[[ INFORMATION PROVIDED, beginning ]]
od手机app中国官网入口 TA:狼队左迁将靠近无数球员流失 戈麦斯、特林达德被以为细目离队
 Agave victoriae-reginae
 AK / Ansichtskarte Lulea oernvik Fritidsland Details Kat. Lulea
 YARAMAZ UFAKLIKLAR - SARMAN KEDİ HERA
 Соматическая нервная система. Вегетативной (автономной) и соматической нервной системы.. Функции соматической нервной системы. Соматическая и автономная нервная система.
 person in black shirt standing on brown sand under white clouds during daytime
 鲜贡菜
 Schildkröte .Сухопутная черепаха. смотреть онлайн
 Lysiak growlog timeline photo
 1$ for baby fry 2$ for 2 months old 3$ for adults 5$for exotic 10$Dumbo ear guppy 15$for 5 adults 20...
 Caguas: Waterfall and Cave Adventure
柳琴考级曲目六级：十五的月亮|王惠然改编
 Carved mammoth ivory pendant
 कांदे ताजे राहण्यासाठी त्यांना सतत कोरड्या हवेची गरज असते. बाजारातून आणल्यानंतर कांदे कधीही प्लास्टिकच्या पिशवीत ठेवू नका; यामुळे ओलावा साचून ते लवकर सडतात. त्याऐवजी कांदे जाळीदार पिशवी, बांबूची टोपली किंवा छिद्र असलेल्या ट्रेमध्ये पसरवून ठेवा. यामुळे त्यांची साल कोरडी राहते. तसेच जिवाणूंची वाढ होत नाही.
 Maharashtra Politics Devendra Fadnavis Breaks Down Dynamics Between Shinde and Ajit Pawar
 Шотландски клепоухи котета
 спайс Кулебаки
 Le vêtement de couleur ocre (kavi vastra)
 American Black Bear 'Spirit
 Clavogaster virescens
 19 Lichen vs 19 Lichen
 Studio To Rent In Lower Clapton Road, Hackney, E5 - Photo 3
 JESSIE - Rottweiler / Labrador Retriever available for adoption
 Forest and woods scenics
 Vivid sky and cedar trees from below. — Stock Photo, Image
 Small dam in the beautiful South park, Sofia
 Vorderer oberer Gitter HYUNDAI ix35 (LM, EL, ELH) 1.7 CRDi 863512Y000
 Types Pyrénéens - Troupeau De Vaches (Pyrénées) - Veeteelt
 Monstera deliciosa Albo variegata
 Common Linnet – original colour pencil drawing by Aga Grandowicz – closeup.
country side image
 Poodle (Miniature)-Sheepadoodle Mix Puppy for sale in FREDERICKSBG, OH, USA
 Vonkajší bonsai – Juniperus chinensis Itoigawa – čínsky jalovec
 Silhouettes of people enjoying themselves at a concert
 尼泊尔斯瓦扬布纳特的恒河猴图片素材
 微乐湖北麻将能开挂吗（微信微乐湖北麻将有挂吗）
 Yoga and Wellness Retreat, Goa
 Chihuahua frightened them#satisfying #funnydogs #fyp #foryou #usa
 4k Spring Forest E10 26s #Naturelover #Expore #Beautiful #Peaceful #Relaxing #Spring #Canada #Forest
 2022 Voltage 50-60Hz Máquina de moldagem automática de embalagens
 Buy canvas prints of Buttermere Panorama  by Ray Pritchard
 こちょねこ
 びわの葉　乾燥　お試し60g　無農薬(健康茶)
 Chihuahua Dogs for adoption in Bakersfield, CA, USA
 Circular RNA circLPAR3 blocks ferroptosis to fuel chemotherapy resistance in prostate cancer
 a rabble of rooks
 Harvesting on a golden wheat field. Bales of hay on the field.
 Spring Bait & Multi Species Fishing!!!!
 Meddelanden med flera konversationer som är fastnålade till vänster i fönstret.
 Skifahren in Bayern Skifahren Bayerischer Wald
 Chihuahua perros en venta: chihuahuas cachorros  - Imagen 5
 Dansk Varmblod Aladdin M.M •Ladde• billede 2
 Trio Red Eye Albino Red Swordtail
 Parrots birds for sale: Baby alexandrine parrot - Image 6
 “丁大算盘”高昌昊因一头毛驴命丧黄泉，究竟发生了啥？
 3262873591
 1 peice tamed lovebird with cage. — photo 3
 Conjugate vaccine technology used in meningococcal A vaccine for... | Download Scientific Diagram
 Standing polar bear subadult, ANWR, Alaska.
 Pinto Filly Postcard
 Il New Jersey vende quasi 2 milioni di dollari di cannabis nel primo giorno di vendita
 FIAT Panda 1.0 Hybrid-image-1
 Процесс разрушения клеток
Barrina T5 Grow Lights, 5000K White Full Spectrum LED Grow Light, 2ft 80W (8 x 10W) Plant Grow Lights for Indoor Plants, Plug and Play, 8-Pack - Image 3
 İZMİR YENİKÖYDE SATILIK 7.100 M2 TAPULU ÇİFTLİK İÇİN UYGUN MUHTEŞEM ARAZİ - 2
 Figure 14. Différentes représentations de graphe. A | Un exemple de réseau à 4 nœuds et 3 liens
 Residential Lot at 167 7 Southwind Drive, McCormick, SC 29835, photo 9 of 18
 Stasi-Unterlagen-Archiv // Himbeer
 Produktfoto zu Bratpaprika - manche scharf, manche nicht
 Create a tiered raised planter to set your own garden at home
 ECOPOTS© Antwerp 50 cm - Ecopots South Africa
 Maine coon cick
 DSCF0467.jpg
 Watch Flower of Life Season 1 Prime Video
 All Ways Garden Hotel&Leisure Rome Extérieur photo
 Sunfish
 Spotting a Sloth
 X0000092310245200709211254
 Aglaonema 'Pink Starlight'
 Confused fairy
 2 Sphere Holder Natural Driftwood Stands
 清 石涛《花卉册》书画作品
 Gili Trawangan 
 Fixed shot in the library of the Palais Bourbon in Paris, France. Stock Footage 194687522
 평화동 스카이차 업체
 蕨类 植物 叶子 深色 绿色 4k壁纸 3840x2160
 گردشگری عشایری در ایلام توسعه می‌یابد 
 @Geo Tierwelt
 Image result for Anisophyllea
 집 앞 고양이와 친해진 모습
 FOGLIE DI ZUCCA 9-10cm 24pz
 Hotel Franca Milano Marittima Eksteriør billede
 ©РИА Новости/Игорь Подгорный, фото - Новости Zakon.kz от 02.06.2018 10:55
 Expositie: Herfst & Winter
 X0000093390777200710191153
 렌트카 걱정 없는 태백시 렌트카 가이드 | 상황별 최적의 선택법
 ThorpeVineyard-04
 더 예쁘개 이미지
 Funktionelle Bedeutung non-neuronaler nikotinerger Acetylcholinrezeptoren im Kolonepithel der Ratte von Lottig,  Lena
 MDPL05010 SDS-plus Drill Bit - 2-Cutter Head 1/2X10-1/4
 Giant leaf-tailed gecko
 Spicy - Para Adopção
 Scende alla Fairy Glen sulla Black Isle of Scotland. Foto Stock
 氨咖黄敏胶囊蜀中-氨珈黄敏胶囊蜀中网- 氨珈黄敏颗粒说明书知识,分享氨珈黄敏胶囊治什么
[[ INFORMATION PROVIDED, end ]]
*WORK INSTRUCTIONS:* Write out the records shown above, exactly as they appear.

*FINISHED EXERCISE:*
od手机app中国官网入口 TA:狼队左迁将靠近无数球员流失 戈麦斯、特林达德被以为细目离队
 Agave victoriae-reginae
 AK / Ansichtskarte Lulea oernvik Fritidsland Details Kat. Lulea
 YARAMAZ UFAKLIKLAR - SARMAN KEDİ HERA
 Соматическая нервная система. Вегетативной (автономной) и соматической нервной системы.. Функции соматической нервной системы. Соматическая и автономная нервная система.
 person in black shirt standing on brown sand under white clouds during daytime
 鲜贡菜
 Schildkröte .Сухопутная черепаха. смотреть онлайн
 Lysiak growlog timeline photo
 1$ for baby fry 2$ for 2 months old 3$ for adults 5$for exotic 10$Dumbo ear guppy 15$for 5 adults 20...
 Caguas: Waterfall and Cave Adventure
柳琴考级曲目六级：十五的月亮|王惠然改编
 Carved mammoth ivory pendant
 कांदे ताजे राहण्यासाठी त्यांना सतत कोरड्या हवेची गरज असते. बाजारातून आणल्यानंतर कांदे कधीही प्लास्टिकच्या पिशवीत ठेवू नका; यामुळे ओलावा साचून ते लवकर सडतात. त्याऐवजी कांदे जाळीदार पिशवी, बांबूची टोपली किंवा छिद्र असलेल्या ट्रेमध्ये पसरवून ठेवा. यामुळे त्यांची साल कोरडी राहते. तसेच जिवाणूंची वाढ होत नाही.
 Maharashtra Politics Devendra Fadnavis Breaks Down Dynamics Between Shinde and Ajit Pawar
 Шотландски клепоухи котета
 спайс Кулебаки
 Le vêtement de couleur ocre (kavi vastra)
 American Black Bear 'Spirit
 Clavogaster virescens
 19 Lichen vs 19 Lichen
 Studio To Rent In Lower Clapton Road, Hackney, E5 - Photo 3
 JESSIE - Rottweiler / Labrador Retriever available for adoption
 Forest and woods scenics
 Vivid sky and cedar trees from below. — Stock Photo, Image
 Small dam in the beautiful South park, Sofia
 Vorderer oberer Gitter HYUNDAI ix35 (LM, EL, ELH) 1.7 CRDi 863512Y000
 Types Pyrénéens - Troupeau De Vaches (Pyrénées) - Veeteelt
 Monstera deliciosa Albo variegata
 Common Linnet – original colour pencil drawing by Aga Grandowicz – closeup.
country side image
 Poodle (Miniature)-Sheepadoodle Mix Puppy for sale in FREDERICKSBG, OH, USA
 Vonkajší bonsai – Juniperus chinensis Itoigawa – čínsky jalovec
 Silhouettes of people enjoying themselves at a concert
 尼泊尔斯瓦扬布纳特的恒河猴图片素材
 微乐湖北麻将能开挂吗（微信微乐湖北麻将有挂吗）
 Yoga and Wellness Retreat, Goa
 Chihuahua frightened them#satisfying #funnydogs #fyp #foryou #usa
 4k Spring Forest E10 26s #Naturelover #Expore #Beautiful #Peaceful #Relaxing #Spring #Canada #Forest
 2022 Voltage 50-60Hz Máquina de moldagem automática de embalagens
 Buy canvas prints of Buttermere Panorama  by Ray Pritchard
 こちょねこ
 びわの葉　乾燥　お試し60g　無農薬(健康茶)
 Chihuahua Dogs for adoption in Bakersfield, CA, USA
 Circular RNA circLPAR3 blocks ferroptosis to fuel chemotherapy resistance in prostate cancer
 a rabble of rooks
 Harvesting on a golden wheat field. Bales of hay on the field.
 Spring Bait & Multi Species Fishing!!!!
 Meddelanden med flera konversationer som är fastnålade till vänster i fönstret.
 Skifahren in Bayern Skifahren Bayerischer Wald
 Chihuahua perros en venta: chihuahuas cachorros  - Imagen 5
 Dansk Varmblod Aladdin M.M •Ladde• billede 2
 Trio Red Eye Albino Red Swordtail
 Parrots birds for sale: Baby alexandrine parrot - Image 6
 “丁大算盘”高昌昊因一头毛驴命丧黄泉，究竟发生了啥？
 3262873591
 1 peice tamed lovebird with cage. — photo 3
 Conjugate vaccine technology used in meningococcal A vaccine for... | Download Scientific Diagram
 Standing polar bear subadult, ANWR, Alaska.
 Pinto Filly Postcard
 Il New Jersey vende quasi 2 milioni di dollari di cannabis nel primo giorno di vendita
 FIAT Panda 1.0 Hybrid-image-1
 Процесс разрушения клеток
Barrina T5 Grow Lights, 5000K White Full Spectrum LED Grow Light, 2ft 80W (8 x 10W) Plant Grow Lights for Indoor Plants, Plug and Play, 8-Pack - Image 3
 İZMİR YENİKÖYDE SATILIK 7.100 M2 TAPULU ÇİFTLİK İÇİN UYGUN MUHTEŞEM ARAZİ - 2
 Figure 14. Différentes représentations de graphe. A | Un exemple de réseau à 4 nœuds et 3 liens
 Residential Lot at 167 7 Southwind Drive, McCormick, SC 29835, photo 9 of 18
 Stasi-Unterlagen-Archiv // Himbeer
 Produktfoto zu Bratpaprika - manche scharf, manche nicht
 Create a tiered raised planter to set your own garden at home
 ECOPOTS© Antwerp 50 cm - Ecopots South Africa
 Maine coon cick
 DSCF0467.jpg
 Watch Flower of Life Season 1 Prime Video
 All Ways Garden Hotel&Leisure Rome Extérieur photo
 Sunfish
 Spotting a Sloth
 X0000092310245200709211254
 Aglaonema 'Pink Starlight'
 Confused fairy
 2 Sphere Holder Natural Driftwood Stands
 清 石涛《花卉册》书画作品
 Gili Trawangan 
 Fixed shot in the library of the Palais Bourbon in Paris, France. Stock Footage 194687522
 평화동 스카이차 업체
 蕨类 植物 叶子 深色 绿色 4k壁纸 3840x2160
 گردشگری عشایری در ایلام توسعه می‌یابد 
 @Geo Tierwelt
 Image result for Anisophyllea
 집 앞 고양이와 친해진 모습
 FOGLIE DI ZUCCA 9-10cm 24pz
 Hotel Franca Milano Marittima Eksteriør billede
 ©РИА Новости/Игорь Подгорный, фото - Новости Zakon.kz от 02.06.2018 10:55
 Expositie: Herfst & Winter
 X0000093390777200710191153
 렌트카 걱정 없는 태백시 렌트카 가이드 | 상황별 최적의 선택법
 ThorpeVineyard-04
 더 예쁘개 이미지
 Funktionelle Bedeutung non-neuronaler nikotinerger Acetylcholinrezeptoren im Kolonepithel der Ratte von Lottig,  Lena
 MDPL05010 SDS-plus Drill Bit - 2-Cutter Head 1/2X10-1/4
 Giant leaf-tailed gecko
 Spicy - Para Adopção
 Scende alla Fairy Glen sulla Black Isle of Scotland. Foto Stock
 氨咖黄敏胶囊蜀中-氨珈黄敏胶囊蜀中网- 氨珈黄敏颗粒说明书知识,分享氨珈黄敏胶囊治什么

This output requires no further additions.